Vous avez souhaité un bon mois des fiertés à vos ami·e·s LGBTQ+ sur Instagram ? vous avez mis sur Tiktok une vidéo de manifestation anti-raciste ? ou encore vous avez écrit un post pour encourager vos proches à aller voter aux prochaines élections ? Il est possible que vous fassiez partie des internautes que les réseaux sociaux ont invisibilisé ces derniers temps.
Depuis maintenant quelques années les plateformes ont recours à des algorithmes pour modérer le contenu que les internautes partagent sur leurs plateformes. Et il s’avère que cette modération se montre particulièrement sévère notamment chez Meta, YouTube et Tiktok. Dans une étude mené par des chercheureuses de The Future of Free Speech, on apprend qu'en Europe 85% des messages retirés par Meta et Youtube n’enfreignent aucune loi en vigueur.
Que ce passe-t-il dans ce cas ? la visibilité de votre post et de votre profil sont restreint, le post est potentiellement supprimé automatiquement, et dans le pire des cas vous êtes “shadowban”, c’est à dire que votre compte existe mais que plus personne ne peut vous trouver. Globalement les sujets concernés sont : le sexe, la violence, la religion et la politique. Mais sans aucune subtilité malheureusement. On peut se faire censurer un post sur la prévention sur le VIH parce qu’on a utilisé le mode “sexe”, par exemple.
Heureusement les gens sont plein de ressources et trouvent des moyens très graphique de faire usage de leur liberté d’expression. Si l’écriture inclusive vous donne des ulcères et que vous ne supportez pas qu’on “massacre” la langue française respirez un grand coup, voici mon top 5 des astuces anti-censure :

1. Tronquez-moi cette lettre que je ne saurais voir
Pratique si vous aimez écrire de longs discours dans vos carrousels ou si vous postez régulièrement des screenshots de tweets dans vos story. Le principe est tout simplement d’utiliser l’outil pinceau pour tâcheter votre texte de point sur les mots les plus sensibles. Vous pouvez utiliser la même couleur que votre fond pour un effet poinçon ou une couleur pop pour un effet Kusama.

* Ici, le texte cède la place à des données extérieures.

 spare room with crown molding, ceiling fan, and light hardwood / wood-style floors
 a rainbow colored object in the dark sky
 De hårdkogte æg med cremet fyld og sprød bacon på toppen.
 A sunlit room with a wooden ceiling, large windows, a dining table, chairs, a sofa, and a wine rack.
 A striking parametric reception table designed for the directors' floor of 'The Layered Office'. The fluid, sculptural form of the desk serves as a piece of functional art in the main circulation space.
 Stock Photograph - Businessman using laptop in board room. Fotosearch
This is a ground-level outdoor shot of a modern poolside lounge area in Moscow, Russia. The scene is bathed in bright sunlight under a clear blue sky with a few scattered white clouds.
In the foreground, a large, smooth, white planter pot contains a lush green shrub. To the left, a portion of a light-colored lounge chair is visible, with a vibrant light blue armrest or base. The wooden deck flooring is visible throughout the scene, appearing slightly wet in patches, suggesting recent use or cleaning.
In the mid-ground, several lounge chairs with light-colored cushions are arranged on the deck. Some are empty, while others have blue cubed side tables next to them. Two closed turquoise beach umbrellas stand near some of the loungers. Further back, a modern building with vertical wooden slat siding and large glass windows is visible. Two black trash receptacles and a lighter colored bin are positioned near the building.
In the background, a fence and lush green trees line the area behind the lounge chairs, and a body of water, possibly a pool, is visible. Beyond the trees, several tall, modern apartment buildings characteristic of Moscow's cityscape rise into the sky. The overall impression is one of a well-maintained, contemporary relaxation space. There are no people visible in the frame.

2. Tous les glyphes du monde
Ponctuation de langues étrangères, ligatures, accents ; utilisez tous les glyphes que vous trouvez ! Soyez créatifs ! Un point d’exclamation peut devenir un [i], une esperluette un [e]. Cette technique demande quand même d’avoir un certain sens de la composition typographique au risque d’être illisible si vous vous y prenez mal.

3. Langage texto, le retour
Nostalgique de l’époque où vous comptiez les caractères pour écrire un message sans ruiner votre forfait téléphonique ? Alors c’est votre chance, c’est le grand retour du langage texto. Vous pouvez également jouer sur la prononciation anglophone de certains caractères. Exemple : “HB67” signifie “Un homme blanc cisgenre hétérosexuel” et non pas “Happy birthday for your 67th”

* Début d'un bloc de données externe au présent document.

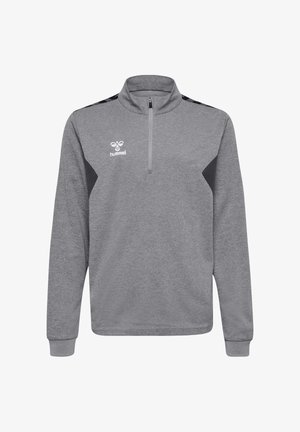 Junge steht mit verschränkten Armen, trägt einen grauen Pullover mit Viertelreißverschluss, weiße Shorts, weiße Socken und schwarze Turnschuhe vor einfachem Hintergrund.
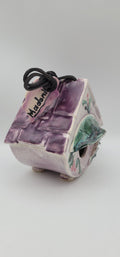 Vintage clay bird house with purple textured front, painted green accents, side entrance, cord
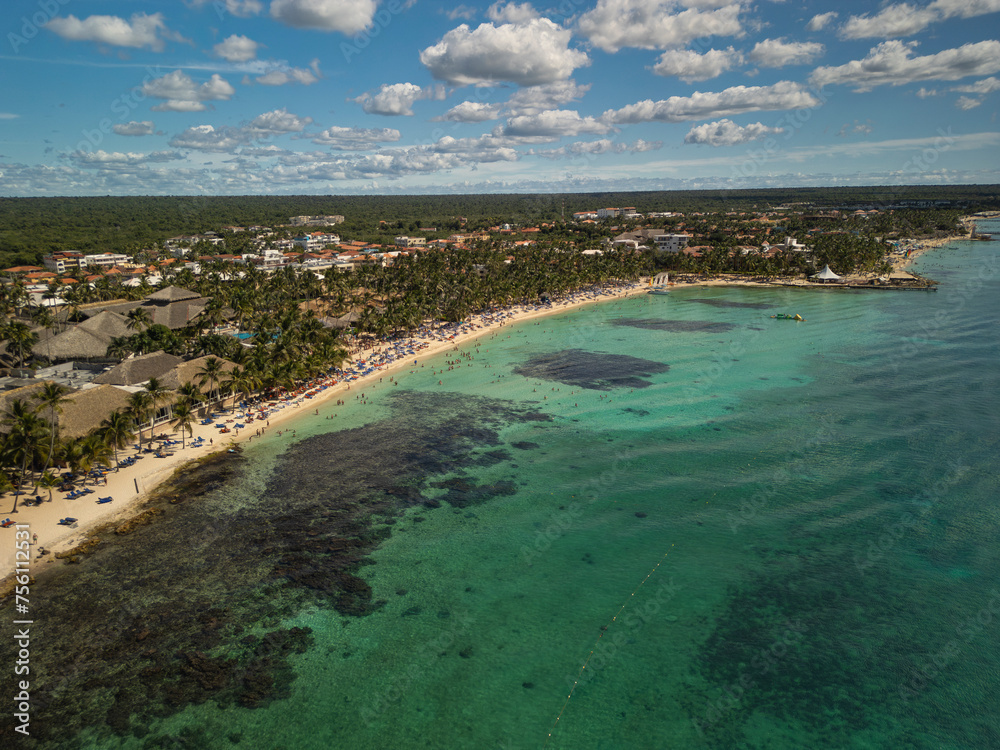 Aerial drone photo of busy white sand beach with many people at all inclusive resort and crystal clear calm turquoise ocean water. South destination, march break holidays, travel concept.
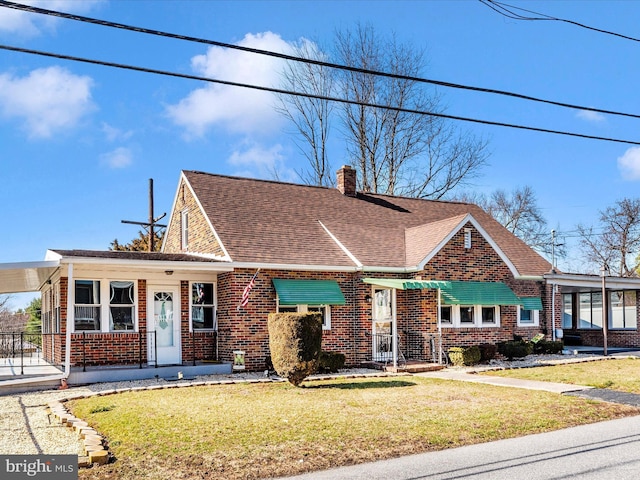 view of front facade with a front lawn, a chimney, a shingled roof, and brick siding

4. L’écriture manuscrite rebelle
Avantage indéniable pour la commu des BDéistes et des illustrateurices. L’écriture manuscrite est un excellent moyen de passer en dessous des radars des algo. Et ça tombe bien parce qu’Instagram a vu fleurir ces dernières années une grandes quantités d’artistes militants qui vulgarisent, informent et documentent nos luttes contemporaines. Un conseil, soyez fougueux dans votre graphie ! plus elle sera scratchy et pleine d’altérité et moins vous serez repéré. Allez-y à la plume, au pinceau, à la craie, faut que ça gratte, faut que ça tâche !

5. Bonus emoji
J’ai hésité à vous parler des émojis, tout d’abord parce que ce n’est pas à proprement parlé de la typographie mais aussi parce que son utilisation premier degré est lisible par les algorithmes. C’est néanmoins un excellent outil puisqu'elle offre pleins de possibilités. Vous pouvez remplacer un mot ou une syllabe par une image comme pour un rébus ou bien évoquer une sonorité ou une situation au sein même d'une phrase.
Voilà ! Vous êtes maintenant armé·e·s pour militer en ligne, parler d’intime et de sensible sans choquer des intelligences artificielles un peu trop zelées. Qu’importe l’époque et les moyens de communications, des chemins de traverses seront toujours tracés pour s’exprimer. Qui sait ? peut-être que certain·es designers nous cuisinent actuellement des fonts anti-censure pour nous faciliter la vie ? Il existe bien le projet Seen mais on est plus sur de l’auto-censure.
Et si ça vous semble trop transgressif ne vous inquiétez pas trop. Des chercheureuses et des militant·es se mobilisent pour faire évoluer cette situation et faire que les politiques de modérations soient plus juste et assurent aux utilisateurices des moyens de s’opposer à la censure abusive.